Comment les territoires peuvent-ils faire face aux enjeux de demain ? A l’origine, la taxe de la GEMAPI devait être temporaire… Aujourd’hui, les collectivités doivent faire face à de nouveaux défis. Pour préserver ses riverains, les élus devraient continuer à s’appuyer sur cette compétence. « La GEMAPI, elle ne résout pas tout. Elle va tout résoudre sur le long terme. Le changement climatique va encore durer des années. Il y a un plan national d’adaptation au changement climatique qui prévoit qu’on monte jusqu’à plus de 4°C en France… Il va falloir qu’on continue à s’adapter au quotidien. » Pour faire face à ces changements, les collectivités continueront à prévoir des travaux d’ampleur. « On va continuer longuement à la prélever parce qu’il va falloir continuer à changer. Il va pleuvoir plus à certains moments, moins à d’autres… Nos territoires doivent s’adapter. On va travailler, ça va durer des années. » En Marne et Gondoire, les élus continueront à lever 3 millions d’euros pour construire de nouveaux bassins, aménager son territoire et curer les bassins pour éviter des drames. « GEMAPI rapporte 3 millions d’euros à l’agglomération pour pouvoir faire des travaux. On en dépense 5 ! On prend l’argent ailleurs. Il vaut mieux gérer un problème quand il naît que quand il faut en gérer les conséquences. C’est facile de pleurer avec l’argent. L’important, c’est d’agir ! Le changement climatique est une réalité. » assure Pierre Tebaldini.

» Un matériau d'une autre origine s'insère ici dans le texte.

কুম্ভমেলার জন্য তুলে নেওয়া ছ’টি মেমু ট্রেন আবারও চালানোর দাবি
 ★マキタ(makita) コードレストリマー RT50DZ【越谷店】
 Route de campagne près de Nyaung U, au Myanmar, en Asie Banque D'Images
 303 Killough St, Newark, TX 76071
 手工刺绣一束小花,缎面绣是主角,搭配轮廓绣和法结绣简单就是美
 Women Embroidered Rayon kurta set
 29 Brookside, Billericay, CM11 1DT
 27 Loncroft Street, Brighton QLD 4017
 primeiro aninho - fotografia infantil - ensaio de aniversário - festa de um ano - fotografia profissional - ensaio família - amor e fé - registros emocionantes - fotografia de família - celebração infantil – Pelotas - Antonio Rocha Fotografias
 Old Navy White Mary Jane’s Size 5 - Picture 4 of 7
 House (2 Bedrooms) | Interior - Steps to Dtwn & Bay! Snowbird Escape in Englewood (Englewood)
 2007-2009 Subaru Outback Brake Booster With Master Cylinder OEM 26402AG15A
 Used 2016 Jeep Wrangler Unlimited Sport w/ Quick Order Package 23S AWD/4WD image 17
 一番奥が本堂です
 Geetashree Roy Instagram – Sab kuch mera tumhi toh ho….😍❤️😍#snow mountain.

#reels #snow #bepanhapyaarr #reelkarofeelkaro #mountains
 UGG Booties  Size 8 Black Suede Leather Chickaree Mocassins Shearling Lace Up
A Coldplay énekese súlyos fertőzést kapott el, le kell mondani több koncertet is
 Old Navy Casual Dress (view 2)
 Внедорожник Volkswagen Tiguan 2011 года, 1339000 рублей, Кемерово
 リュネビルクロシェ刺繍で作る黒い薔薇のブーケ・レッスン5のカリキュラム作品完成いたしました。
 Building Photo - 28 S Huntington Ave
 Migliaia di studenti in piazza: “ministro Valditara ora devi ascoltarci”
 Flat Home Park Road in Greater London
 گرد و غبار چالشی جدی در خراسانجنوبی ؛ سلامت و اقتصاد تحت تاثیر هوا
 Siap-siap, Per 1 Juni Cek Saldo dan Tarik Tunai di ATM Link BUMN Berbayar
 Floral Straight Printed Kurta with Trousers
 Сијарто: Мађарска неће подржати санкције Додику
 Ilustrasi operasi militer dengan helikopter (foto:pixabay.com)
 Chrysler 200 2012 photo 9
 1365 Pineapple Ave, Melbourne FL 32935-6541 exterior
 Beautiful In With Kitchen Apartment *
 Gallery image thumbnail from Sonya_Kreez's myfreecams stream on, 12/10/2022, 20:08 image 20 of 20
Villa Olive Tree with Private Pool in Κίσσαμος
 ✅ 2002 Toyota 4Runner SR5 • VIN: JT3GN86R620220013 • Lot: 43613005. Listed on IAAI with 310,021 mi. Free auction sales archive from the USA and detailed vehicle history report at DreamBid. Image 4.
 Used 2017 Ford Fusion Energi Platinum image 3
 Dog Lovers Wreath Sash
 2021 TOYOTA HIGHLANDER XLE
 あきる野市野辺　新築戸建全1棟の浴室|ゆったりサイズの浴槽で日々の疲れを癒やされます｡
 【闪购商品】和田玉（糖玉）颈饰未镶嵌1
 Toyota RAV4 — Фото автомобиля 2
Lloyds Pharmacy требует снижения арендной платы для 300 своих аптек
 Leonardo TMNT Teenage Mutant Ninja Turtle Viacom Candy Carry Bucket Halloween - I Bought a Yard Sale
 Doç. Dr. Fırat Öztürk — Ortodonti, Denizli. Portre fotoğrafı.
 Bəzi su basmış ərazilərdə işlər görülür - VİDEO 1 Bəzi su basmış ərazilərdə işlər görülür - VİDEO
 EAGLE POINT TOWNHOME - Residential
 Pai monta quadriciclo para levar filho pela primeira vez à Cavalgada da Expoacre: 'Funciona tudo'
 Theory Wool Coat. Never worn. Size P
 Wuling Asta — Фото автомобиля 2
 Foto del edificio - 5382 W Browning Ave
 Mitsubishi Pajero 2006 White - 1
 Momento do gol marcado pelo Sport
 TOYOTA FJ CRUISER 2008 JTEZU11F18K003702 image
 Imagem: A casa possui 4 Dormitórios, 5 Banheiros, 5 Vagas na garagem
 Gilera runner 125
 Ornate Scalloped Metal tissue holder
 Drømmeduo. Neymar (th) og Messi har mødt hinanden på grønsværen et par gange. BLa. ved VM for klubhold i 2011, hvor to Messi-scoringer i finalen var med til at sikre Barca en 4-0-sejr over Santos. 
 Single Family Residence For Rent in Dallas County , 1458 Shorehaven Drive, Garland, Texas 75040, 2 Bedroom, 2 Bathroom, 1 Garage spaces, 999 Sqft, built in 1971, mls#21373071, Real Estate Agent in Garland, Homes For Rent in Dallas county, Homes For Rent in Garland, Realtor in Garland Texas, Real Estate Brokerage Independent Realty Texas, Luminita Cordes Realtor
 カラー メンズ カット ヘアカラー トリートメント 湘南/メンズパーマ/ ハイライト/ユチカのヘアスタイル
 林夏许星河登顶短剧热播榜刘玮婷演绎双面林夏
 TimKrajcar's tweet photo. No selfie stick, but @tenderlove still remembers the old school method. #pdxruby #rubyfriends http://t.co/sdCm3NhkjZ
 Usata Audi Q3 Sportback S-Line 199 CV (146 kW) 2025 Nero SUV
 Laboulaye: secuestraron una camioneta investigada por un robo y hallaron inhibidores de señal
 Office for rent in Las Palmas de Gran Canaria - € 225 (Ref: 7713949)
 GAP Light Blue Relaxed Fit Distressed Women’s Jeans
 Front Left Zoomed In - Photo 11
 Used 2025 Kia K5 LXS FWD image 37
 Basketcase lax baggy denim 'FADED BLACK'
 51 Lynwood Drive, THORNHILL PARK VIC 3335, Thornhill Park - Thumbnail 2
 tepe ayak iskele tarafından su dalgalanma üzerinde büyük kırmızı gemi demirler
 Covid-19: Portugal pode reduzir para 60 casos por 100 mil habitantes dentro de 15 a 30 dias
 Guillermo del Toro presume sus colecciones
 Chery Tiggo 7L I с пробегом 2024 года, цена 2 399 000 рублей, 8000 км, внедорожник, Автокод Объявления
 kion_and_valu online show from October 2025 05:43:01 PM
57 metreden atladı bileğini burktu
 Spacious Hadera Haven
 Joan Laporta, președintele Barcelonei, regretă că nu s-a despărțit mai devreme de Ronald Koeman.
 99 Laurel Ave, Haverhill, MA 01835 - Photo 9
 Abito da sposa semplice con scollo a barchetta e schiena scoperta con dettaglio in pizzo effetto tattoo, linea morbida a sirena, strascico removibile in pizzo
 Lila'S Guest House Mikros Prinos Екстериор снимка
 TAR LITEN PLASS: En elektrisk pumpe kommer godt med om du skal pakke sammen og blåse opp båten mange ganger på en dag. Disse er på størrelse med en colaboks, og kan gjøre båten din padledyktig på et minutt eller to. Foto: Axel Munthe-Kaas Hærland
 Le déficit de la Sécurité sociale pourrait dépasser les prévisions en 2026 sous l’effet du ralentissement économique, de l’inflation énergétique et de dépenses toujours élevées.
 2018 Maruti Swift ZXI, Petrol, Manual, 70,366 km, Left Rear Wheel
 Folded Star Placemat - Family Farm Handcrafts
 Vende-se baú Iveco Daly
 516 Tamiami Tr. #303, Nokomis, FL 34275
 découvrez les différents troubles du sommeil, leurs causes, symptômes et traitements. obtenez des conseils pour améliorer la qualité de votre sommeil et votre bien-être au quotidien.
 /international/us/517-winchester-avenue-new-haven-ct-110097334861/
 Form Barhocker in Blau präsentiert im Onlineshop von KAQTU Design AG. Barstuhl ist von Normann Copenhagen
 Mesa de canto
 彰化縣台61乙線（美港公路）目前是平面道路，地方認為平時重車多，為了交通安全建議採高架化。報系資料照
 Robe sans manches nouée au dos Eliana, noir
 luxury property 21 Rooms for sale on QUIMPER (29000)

« On anticipe, on regarde comment on peut apporter des solutions avant que le problème n’arrive. C’est ça qui est intéressant. » En Marne et Gondoire, c’est une politique collective d’anticipation qui a permis de sauver des habitations, grâce à la compétence de la GEMAPI. Des aménagements qui ont même fait le bonheur de notre biodiversité (avec sa faune et sa flore) ! En Seine-et-Marne, plus d’une centaine de communes ont été reconnues en état de catastrophe naturelle.